A bush baby, an African primate, is capable of leaping vertically to the remarkable height of 2.3 m. To jump this high, the bush baby accelerates over a distance of 0.14m while extending the legs. The acceleration during the jump is approximately constant.

-What is the acceleration during the pushing-off phase, in m/s2?

-What is the acceleration during the pushing-off phase, in g?

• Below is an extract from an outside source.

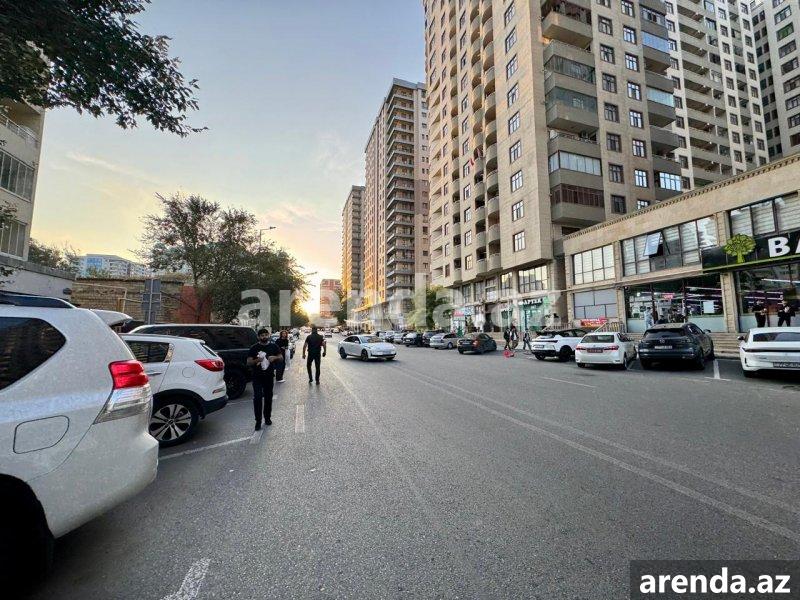 Satılır Obyekt, Nəsimi rayonu 3 Satılır Obyekt, Nəsimi rayonu 3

To find the acceleration during the pushing-off phase for the bush baby's jump, we can use the kinematic equation:

vf^2 = vi^2 + 2ad

where:
vf = final velocity (0 m/s, since the bush baby reaches its maximum height and then comes back down)
vi = initial velocity (0 m/s, since the bush baby starts from rest)
a = acceleration (unknown)
d = distance (0.14 m)

Since the bush baby extends its legs during the jump, we can assume that the acceleration is constant.

Now, rearranging the equation to solve for acceleration (a):

a = (vf^2 - vi^2) / (2d)

Substituting the given values:

a = (0^2 - 0^2) / (2 * 0.14)

Simplifying:

a = 0 / 0.28

The acceleration during the pushing-off phase is 0 m/s^2.

To find the acceleration in g, we need to convert the units. 1 g is equal to 9.8 m/s^2.

So, to convert from m/s^2 to g:

Acceleration in g = acceleration in m/s^2 / 9.8

Substituting the value we found:

Acceleration in g = 0 / 9.8

The acceleration during the pushing-off phase is 0 g.